35

We are trying to consume from a Kafka Cluster using the Java Client. The Cluster is a behind a Jump host and hence the only way to access is through a SSH Tunnel. But we are not able read because once the consumer fetches metadata it uses the original hosts to connect to brokers. Can this behaviour be overridden? Can we ask Kafka Client to not use the metadata?

Sourabh
  • 595
  • 2
  • 6
  • 13
  • 1
    You can't turn off metadata request or the client will have no way to know which broker has the current leader for each partition. This should work if the brokers are configured properly to advertise the ip or domain name of the tunnel as well as the normal internal listen ports – Hans Jespersen Aug 24 '17 at 15:00
  • My solution is edit the hosts file https://unix.stackexchange.com/a/703898/527277 – Jiarui Tian May 26 '22 at 06:44
  • The official way is to change the `advertised.listeners` setting. Changing the host file is a hack. Have a look at my answer: https://stackoverflow.com/a/75530317/828366 – Francesco Casula Feb 22 '23 at 09:05

5 Answers5

26

Not as far as I know.

The trick I used when I needed to do something similar was:

  1. setup a virtual interface for each Kafka broker
  2. open a tunnel to each broker so that broker n is bound to virtual interface n
  3. configure your /etc/hosts file so that the advertised hostname of broker n is resolved to the ip of the virtual interface n.

Es.

Kafka brokers:

  • broker1 (advertised as broker1.mykafkacluster)
  • broker2 (advertised as broker2.mykafkacluster)

Virtual interfaces:

  • veth1 (192.168.1.1)
  • veth2 (192.168.1.2)

Tunnels:

  • broker1: ssh -L 192.168.1.1:9092:broker1.mykafkacluster:9092 jumphost
  • broker2: ssh -L 192.168.1.2:9092:broker1.mykafkacluster:9092 jumphost

/etc/hosts:

  • 192.168.1.1 broker1.mykafkacluster
  • 192.168.1.2 broker2.mykafkacluster

If you configure your system like this you should be able reach all the brokers in your Kafka cluster.

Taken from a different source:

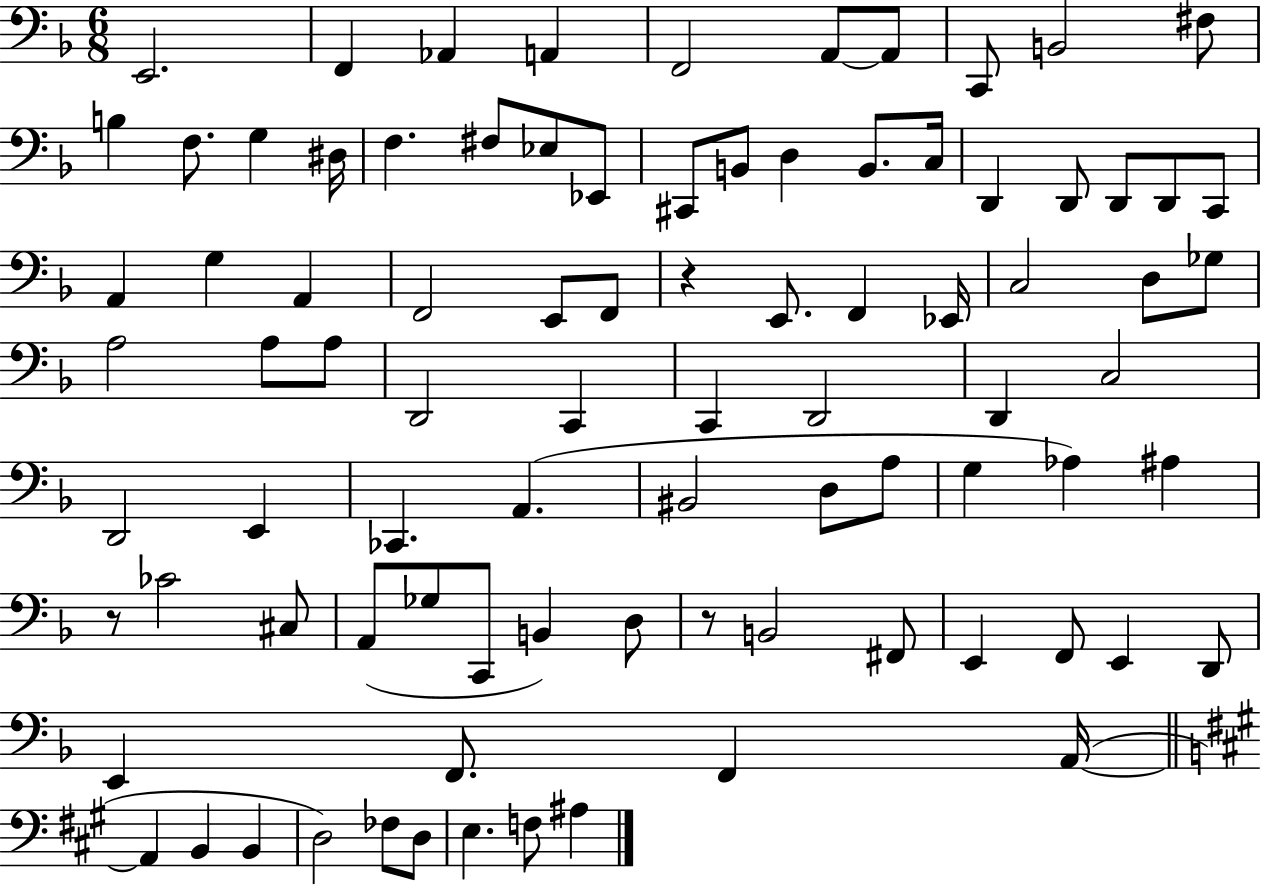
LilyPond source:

Note: if you configured your Kafka brokers to advertise an ip address instead of a hostname the procedure can still work but you need to configure the virtual interfaces with the same ip address that the broker advertises.

nivox
  • 2,060
  • 17
  • 18
  • I don't have liberties to do all this as the kafka clusters that I need to connect are many and the clients that I want to connect them from are also dynamic. So, cannot really change /etc/hosts manually. Also, I don't have access to them to change advertised ips. – Sourabh Aug 26 '17 at 04:27
  • when I create a vif (sudo ip addr add 10.x.x.x/32 dev eth0) (IP of my broker) then I can't access the broker anymore (I got could not establish connection) till I delete the VIF again. (I've brokers with only an IP so I'm creating a VIF with same IP as the broker as you told) – DenCowboy May 19 '20 at 13:51
  • works like a charme, but you have to create virtual interface/tunnels for all brokers in order to work properly. also to create virtual interface in mac: sudo ifconfig lo0 alias 192.168.1.1 this will create virtual interface on loopback. repeat this for all brokers – Ahmed Abbas Nov 17 '21 at 11:15
12

You don't actually have to add virtual interfaces to acces the brokers via SSH tunnel if they advertise a hostname. It's enough to add a hosts entry in /etc/hosts of your client and bind the tunnel to the added name.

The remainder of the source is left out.